### Exercise aim
Return every record below exactly as written, but leave out the pictures.

(Crawled caption data)

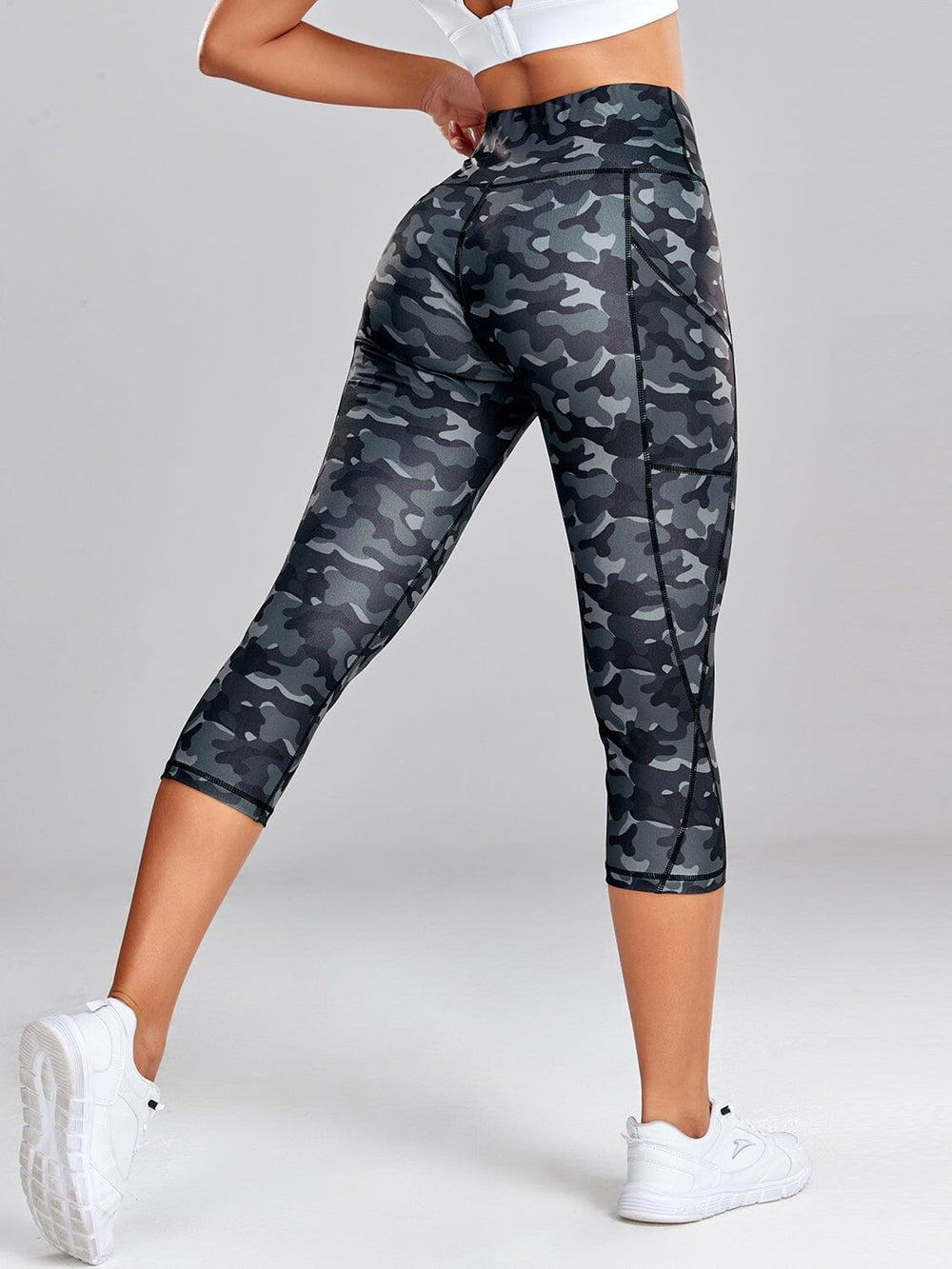 Leggings Fabletics Femme Taille S – Powerhold Camouflage Gris, Taille Haute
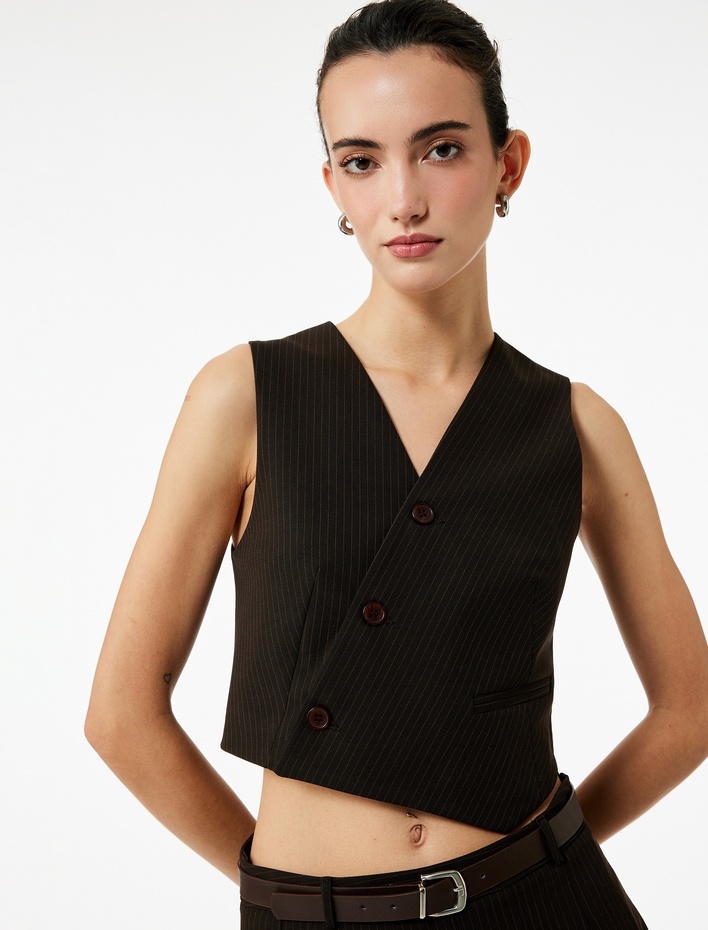  Kruvaze Düğmeli Asimetrik Kesim Blazer Yelek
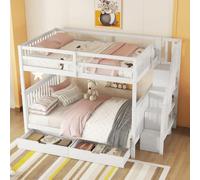 Seyakany Lit superposé 140x200cm avec escaliers de Rangement, lit Enfant équipé de 2 tiroirs, Garde Corps Hauts, certifié EN747-1, Blanc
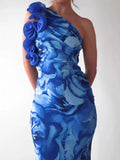Purpdrank  Summer Fashion New Women's Elegant and Sexy Dress Sleeveless Slant Shoulder Vacation Leisure Bag Hip Tie Dyeing Long Dress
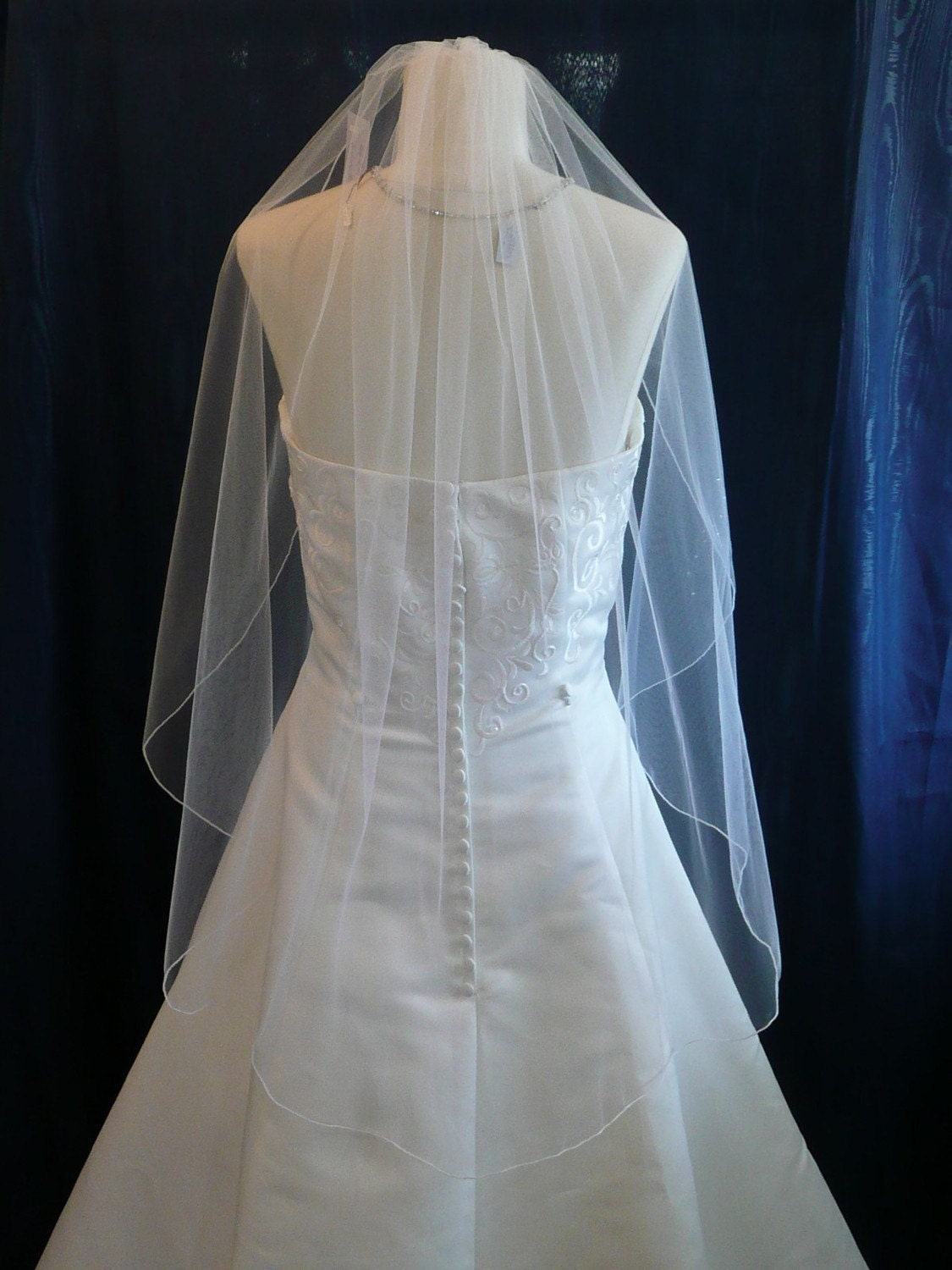 wedding veil, bridal veils IVORY Bridal Veil Elbow Length Angel Cut with delicate Pencil Edge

### Output below
 Leggings Fabletics Femme Taille S – Powerhold Camouflage Gris, Taille Haute
  Kruvaze Düğmeli Asimetrik Kesim Blazer Yelek
 Seyakany Lit superposé 140x200cm avec escaliers de Rangement, lit Enfant équipé de 2 tiroirs, Garde Corps Hauts, certifié EN747-1, Blanc
Purpdrank  Summer Fashion New Women's Elegant and Sexy Dress Sleeveless Slant Shoulder Vacation Leisure Bag Hip Tie Dyeing Long Dress
 wedding veil, bridal veils IVORY Bridal Veil Elbow Length Angel Cut with delicate Pencil Edge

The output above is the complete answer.